Conclusion and Recommendations • In order to get this lab to be more effective it should be in a controlled environment. The air conditioning unit should be placed in a room with a temperature like the rated temp and as close to ideal air conditions as possible. Also limiting the uncertainty in the measurement devices would decrease the difference in the known values and the found values for the unit. The measurements were taken in the positions that would account for the right amount of heat load and enthalpy for each state that the flow goes through. Simplifying assumptions were made during the experiment to make the data easier to collect and analyze. The effects of the pressure loss could be analyzed but should be small enough to where there would be no significant difference in the values reached. • After a complete analysis was performed the original hypothesis pertaining to the heat capacity and EER provided by Panasonic being greater than the values we obtained experimentally was accepted.

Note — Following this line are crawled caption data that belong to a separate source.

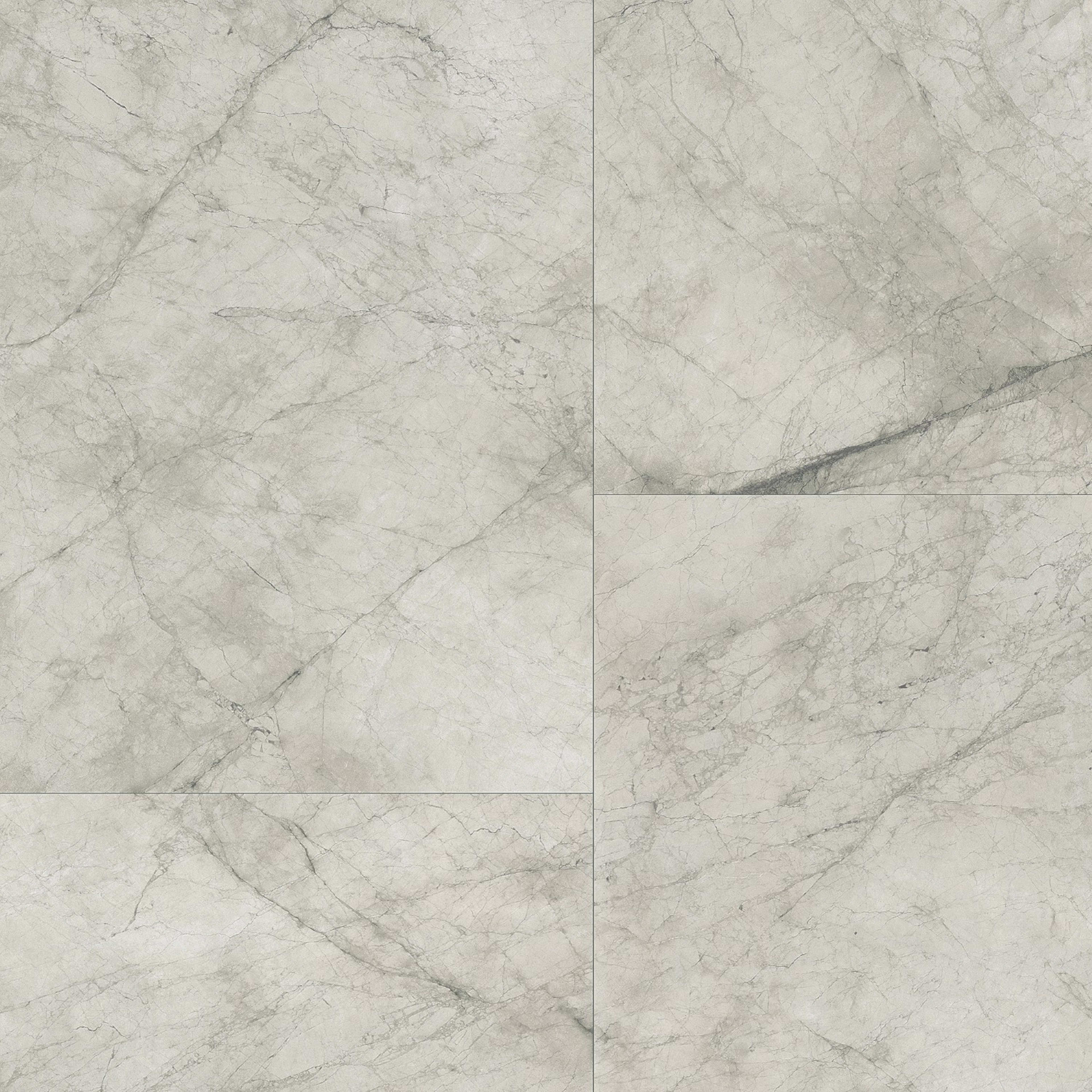 Tile Options in Benning Luxury Vinyl
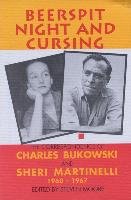 Beerspit Night and Cursing Bukowski Charles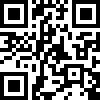 https://imna.ir/x8VVt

It was assumed that the heat capacity for our lab settings was going to be lower then the manufacturer’s since the temperature in our lab was lower than the ambient air temperature they used minimizing the heat transfer from the air to the refrigerant. Through measurements we obtained a heat capacity of 5,238 BTU/hr compared to the claimed 8,000 BTU/hr put out by Panasonic, which shows that a significant amount of thermal energy is still being absorbed by the refrigerant over the evaporator. • Since the COP and the EER are directly related to the heat capacity and the work going into the compressor to transfer heat from a low temperature region to a high temperature, the values obtained experimentally will also be lower than the ones claimed. Experimentally the COP was found to be 2.304 and the EER was 7.865 compared to Panasonics COP of 3.145 and EER of 10.75 BTU/W/hr. The lab effectively demonstrated how an air conditioner functioned and how certain efficiencies are determined.